In January 2016, on the eve of his retirement, Singh courted controversy as the Meghalaya chief justice by asking the Centre to continue providing Z-category security to its chief justice and Y-category to other judges of the court even after their retirement, citing security threats. The order was jointly issued with Justice T.N. Kumar Singh in response to a petition filed by the registrar general of the high court. Justice T.N. Kumar Singh was also to retire soon.
Though the state government didn’t appeal against it, a private citizen did at the Supreme Court. Thereafter, the order was reportedly overturned.
Soon after this, the Arvind Kejriwal government announced that Justice Singh would be the chairman of a state human rights commission it was setting up then.
However, in February 2019, he was appointed the first Lokayukta of Nagaland. This fulfilled a longstanding demand of civil society groups like ACAUT (Against Corruption and Unabated Taxation) to address alleged rampant corruption within the state machinery.
However, on August 20, the Nagaland government sought a directive from the apex court against the ombudsman, citing “unjust and arbitrary” personal demands as the reason.
According to news reports, the Nagaland government told the court that Justice Singh sought permission to take up arbitration work in the Synery Ispat Pvt Ltd vs Barabara Elizabeth Simoes case in spite of rules that strictly prohibit a Lokayukta from taking up any other work than those mandated by his position under the Act.
State advocate-general K.N. Balagopal told the three-judge bench led by Chief Justice S.A. Bobde that Singh wrote a letter to the state government this May stating that he would work online from Delhi, and when he was informed personally that such a request couldn’t be accepted as it would need an amendment to the statute, he “engineered” a letter from the state chief secretary’s office to that effect without the incumbent’s knowledge on June 6.
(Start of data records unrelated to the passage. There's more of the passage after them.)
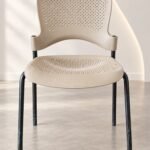 Used Herman Miller Armless Visitor Chair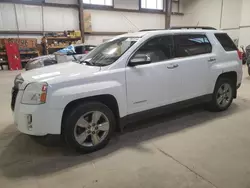 Salvage cars for sale at Nisku, AB auction: 2014 GMC Terrain SLE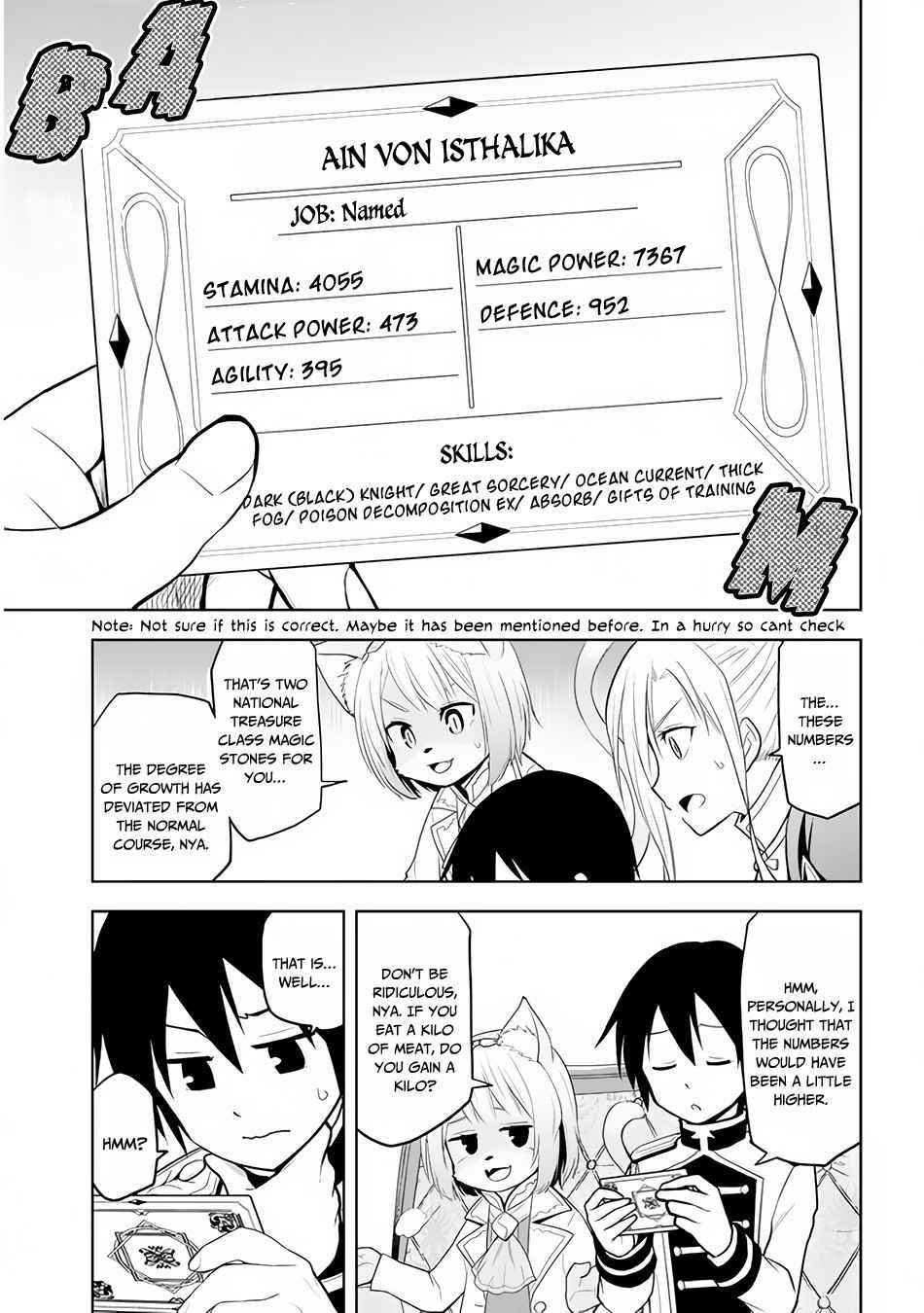 Maseki Gurume: Mamono No Chikara O Tabeta Ore Wa Saikyou! Chapter 25 - Page 3 in English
“As the chief secretary withdrew the purported letter and ordered an inquiry as to how the permission letter came into existence, the Lokayukta wreaked vengeance by harassing ‘honest officers’ by issuing indiscriminate notices,” a Times of India report quoted Balagopal as informing the Supreme Court.
The report also said that the state government said that Justice Singh demanded that the Kohima commissioner of police be present at the airport to receive and see him off every time, besides seeking army deployment for his protection. Justice Singh, as the Lokayukta, gets Y-plus security and that would be against the protocol.
Balagopal also reportedly said that he demanded the chief minister’s old bungalow as his residence, and wanted his photograph to be displayed on government websites along with that of the governor and state chief minister.
According to a Bar and Bench report, Balagopal also told the court that he had asked the inspector general of police at Dimapur to buy two pairs of shoes and send them to his residence at Kohima. “The IGP was told to take pictures of the shoes and send them by WhatsApp for the Lokayukta’s approval,” the report quoted the advocate general as saying.
Prior to joining the Meghalaya high court, Justice Singh was a judge in the Allahabad high court. He was transferred to Allahabad from the Punjab and Haryana high court after repeated conflicts between him and the members of that High Court Bar Association. “The first episode was the unusual order passed by Justice Uma Nath wherein he had directed the Central Bureau of Investigation to send advocate Tahar Singh to mental asylum declaring him a lunatic. The bar had gone one an indefinite strike after the order,” an Indian Express report said in June 2009.
The report cited another incident, a verbal altercation, between Justice Singh and a Punjab high court lawyer after which the lawyer gave a written complaint to the president of the Bar Association, who in turn, had reported the matter to the chief justice.
The Nagaland advocate general, seeking an apex court directive to divest him of all powers, suggested handing it over to the Upa-Lokayukta.
The three-judge bench, comprising Justices A.S. Bopanna and V. Ramasubramanian aside from the CJI, asked Justice Singh to respond within two weeks.